Viana do Castelo vota pela rotina e devagar: quem não irrita, fica

Num tempo em que a política se tornou espetáculo e o ruído se confunde com mudança, Viana do Castelo respondeu com o mais português dos gestos democráticos: ficar como está. As eleições autárquicas de 2025 confirmaram o Partido Socialista na liderança do município, reforçaram o PSD como alternativa credível e deram ao Chega um palco visível, mas sem poder real. Nada de revoluções, nem de colapsos — apenas a persistência do previsível, que, neste caso, é também a forma mais sofisticada de estabilidade.

João Basto
13 Out. 2025 4 mins

O PS venceu com 42,76% dos votos, menos 2,3 pontos percentuais do que em 2021, mas com mais 912 eleitores. Perdeu peso relativo, mas não perdeu eleitores — perdeu exclusividade. Governou bem o suficiente para não ser castigado, mas não bem o bastante para entusiasmar. É a velha máxima das autárquicas portuguesas: quem governa, se não irritar ninguém, fica. Luís Nobre, que chegou a ser acusado de falta de carisma, provou que não é preciso brilho quando há solidez. Ganha por gestão, não por emoção — e, em Viana, isso continua a bastar.

O PS parece ter sido o único beneficiado do rumor de um empate técnico e da perceção menos simpática da figura de Paulo Morais, para a qual terá contribuído uma polémica sobre o financiamento aos grupos folclóricos. A antecipação de um cenário incerto pode ter ativado um voto útil, defensivo, quase instintivo, a favor da estabilidade.

O PSD subiu para 28,02%, mais 3,43 pontos percentuais e quase 3.000 votos adicionais — um avanço claro, mas não uma viragem estrutural. O partido pode ter beneficiado da extinção de listas menores à direita, mas, acima de tudo, reagregou um campo ideológico que já lhe era simpático. Não conquistou o centro. O voto anti-PS preferiu o Chega, e o eleitorado de centro-esquerda, por instinto, manteve-se fiel a Luís Nobre. Se em eleições anteriores o problema social-democrata podia ser a falta de uma figura, desta vez o problema é a falta de aparelho: há votos, há energia, mas falta rede, presença e continuidade. A oposição em Viana cresce nas urnas, mas não no terreno.
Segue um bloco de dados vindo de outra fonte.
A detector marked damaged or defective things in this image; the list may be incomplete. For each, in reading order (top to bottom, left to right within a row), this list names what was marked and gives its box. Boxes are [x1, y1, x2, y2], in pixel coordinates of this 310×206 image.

O Chega teve a subida mais vistosa: de 3,45% para 14,98%, mais de 6.000 votos. Mas a força do número não se traduziu em poder. O partido elegeu apenas um vereador, sem influência executiva. Há aqui uma lição que André Ventura conhece, mas raramente admite: não há populismo sem implantação local. Em Viana, o Chega beneficiou do descontentamento, mas não tem estrutura, nem quadros, nem redes locais. É um voto de protesto — e, como todos os protestos, acaba à porta da assembleia. É o equivalente político de um post de Facebook com muitos “likes”: visível, mas inócuo.

À esquerda do PS, o panorama é desolador. O PCP-PEV perdeu metade do eleitorado — mais de 2.500 votos — e o Bloco de Esquerda caiu também para metade. Juntos, somam agora menos de 6,5%, algo que há vinte anos seria impensável em Viana do Castelo. Parte dessa sangria foi absorvida pelo PS, num voto útil e disciplinado; outra foi engolida pela abstenção — e por alguma lei da vida. A esquerda tradicional esgotou o seu capital simbólico e parece não ter encontrado substituto. O discurso operário perdeu o chão, e o digital não o recuperou.
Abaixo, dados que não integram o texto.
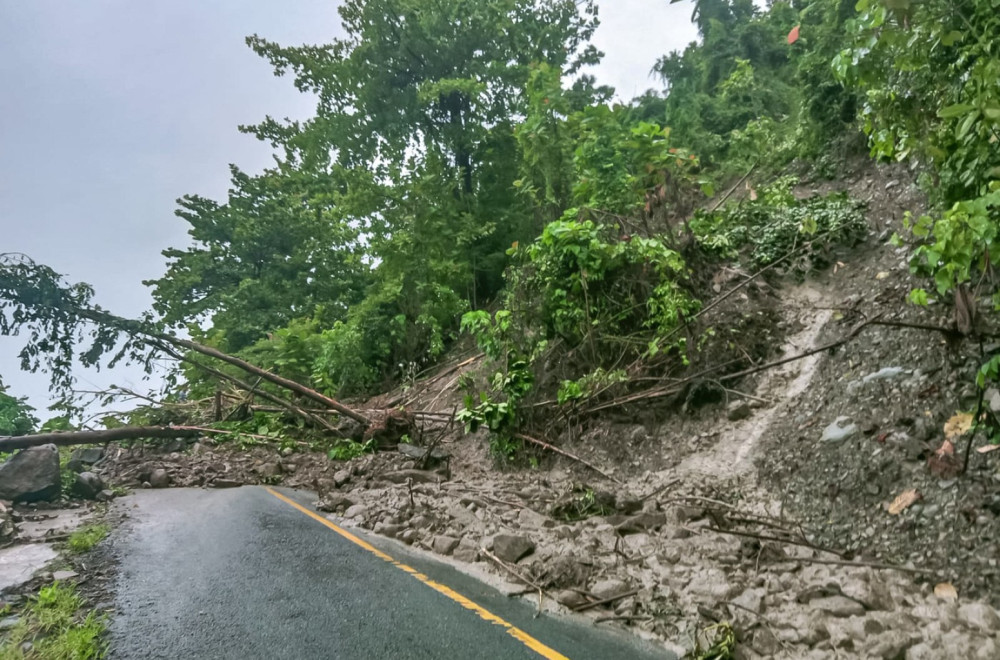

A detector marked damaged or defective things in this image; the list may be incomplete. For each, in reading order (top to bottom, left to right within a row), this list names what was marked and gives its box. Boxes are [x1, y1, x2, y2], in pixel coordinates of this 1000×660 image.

damaged road surface [107, 484, 672, 660]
A Iniciativa Liberal cresceu de 1,8% para 2,68%, um resultado que dá manchete no Twitter, mas não muda a composição da câmara. Os liberais de Viana existem — e votam —, mas ainda não descobriram para que serve uma junta de freguesia. São, digamos, uma minoria de ideias e cafés: participam, discutem, mas ainda não intervêm. O partido tem urbanidade, mas não tem chão.
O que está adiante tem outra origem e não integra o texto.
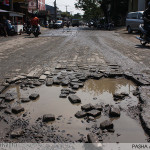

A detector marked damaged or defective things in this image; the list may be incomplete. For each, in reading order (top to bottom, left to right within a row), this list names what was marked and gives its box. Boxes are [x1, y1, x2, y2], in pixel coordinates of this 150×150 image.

pothole [0, 77, 148, 143]
water-filled pothole [1, 78, 148, 142]
damaged road surface [0, 26, 150, 144]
A participação eleitoral aumentou seis pontos percentuais, um sinal de vitalidade num país onde a abstenção é quase uma tradição. Ainda assim, o resultado global traduz uma democracia fatigada, mas funcional. Nada implode, mas também pouco se renova. O PS governa com conforto, o PSD reorganiza-se, o Chega protesta, a esquerda mingua e os liberais observam. É uma coreografia previsível — mas perfeitamente executada.

Viana do Castelo é, em 2025, uma síntese do país que Portugal se tornou: resistente à radicalização, desconfiado da mudança, fiel à rotina democrática. A cidade vota como vive — devagar, com prudência e alguma ironia. Não muda de direção, apenas ajusta o passo. Num continente onde a política se faz de choques e clivagens, Viana escolheu a serenidade. E talvez seja esse o segredo português: a revolução mais duradoura é, afinal, a normalidade.